_Exercise directions_
All of the data needs to come back exactly as written.
*** Opening of The data ***
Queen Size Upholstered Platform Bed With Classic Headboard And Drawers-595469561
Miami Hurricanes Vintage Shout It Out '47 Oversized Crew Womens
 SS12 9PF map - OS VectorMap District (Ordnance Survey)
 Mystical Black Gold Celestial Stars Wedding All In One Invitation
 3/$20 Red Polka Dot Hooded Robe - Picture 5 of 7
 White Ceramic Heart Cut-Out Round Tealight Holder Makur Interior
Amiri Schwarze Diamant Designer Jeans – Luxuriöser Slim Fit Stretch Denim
*** Close of The data ***
_Solution_
Queen Size Upholstered Platform Bed With Classic Headboard And Drawers-595469561
Miami Hurricanes Vintage Shout It Out '47 Oversized Crew Womens
 SS12 9PF map - OS VectorMap District (Ordnance Survey)
 Mystical Black Gold Celestial Stars Wedding All In One Invitation
 3/$20 Red Polka Dot Hooded Robe - Picture 5 of 7
 White Ceramic Heart Cut-Out Round Tealight Holder Makur Interior
Amiri Schwarze Diamant Designer Jeans – Luxuriöser Slim Fit Stretch Denim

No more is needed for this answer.